Not sure if this belongs here, but I just quickly wanted to share an experience I made with Python, Docker and no Nix.
We have a Python project where I work, which is an experiment controls software (i.e. it talks to motors and devices). It depends on the project “pytango” for some its inner workings. pytango is a library that uses the C library “tango”, as the name implies.
The problem arose when I wanted to create a CI job using GitLab CI, just to run the tests with pytest. I had the following job definition (simplified):
tests:
image: python:3.8
script:
# we’re also using numpy in the project
- pip install numpy pytango
- pytest tests
As you can see, I’m using python:3.8
as the Docker base image, so I have python
(version 3.8) and pip
readily at my disposal. Nice! However, when I ran the CI pipeline, it failed pretty quickly.
The culprit was pytango
, which didn’t have any binary package available and then decided to build itself. It failed because it was missing build dependencies, notably boost-python
.
So what to do here? I’m using python:3.8
and what that image contains should be opaque to me, ideally. But in order to build this dependency, I have to look inside. And I see a Debian version in the Docker tags for the image, so hopefully I can just assume I’m on a Debian distribution. I extend the script slightly:
tests:
image: python:3.8
stage: test
script:
- apt-get update && apt-get install -y libboost-python-dev libtango-dev python3-numpy
- pip install pytango
- pytest tests
And I’m a bit furious here already, because the distribution python3-numpy
is of course a different version than what I have in my project. But that could be fixed with a virtualenv, I suppose. Not the point here.
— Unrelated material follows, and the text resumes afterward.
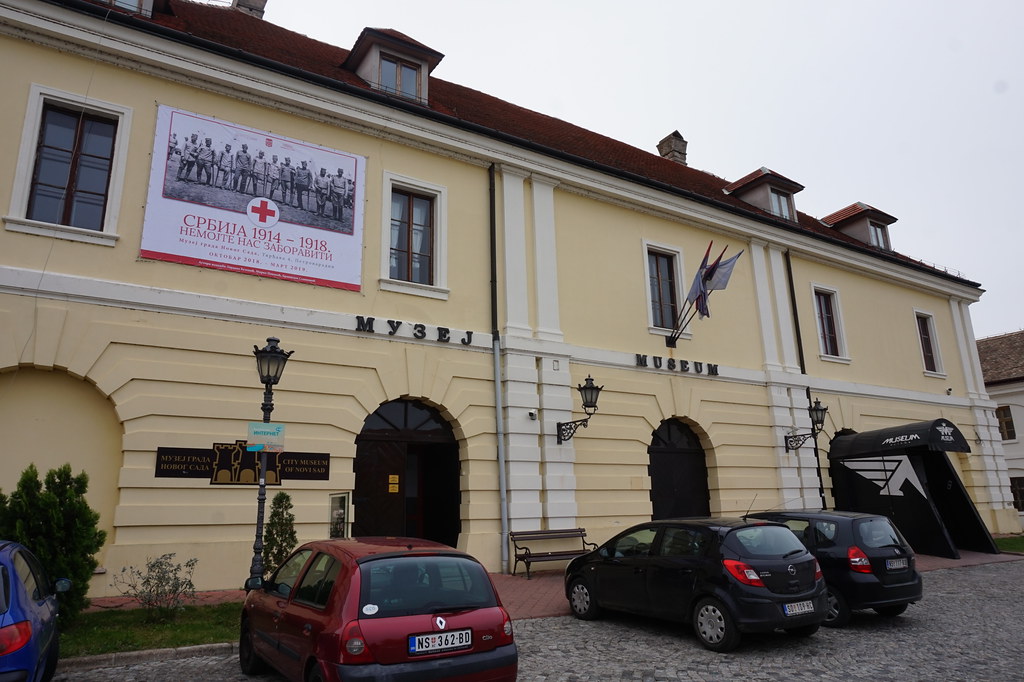 Musée de la Ville, Novi Sad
This pipeline fails again, because installing libtango-dev
installs tango
, which, in turn, interactively asks me for something (I think where the tango server is running, or something). So have to disable that by setting DEBIAN_FRONTEND=noninteractive
.
And then the build takes forever. And…fails! And that was the really difficult problem to solve. Because it didn’t fail compiling, it failed trying to link boost_python
. Which made no sense to me.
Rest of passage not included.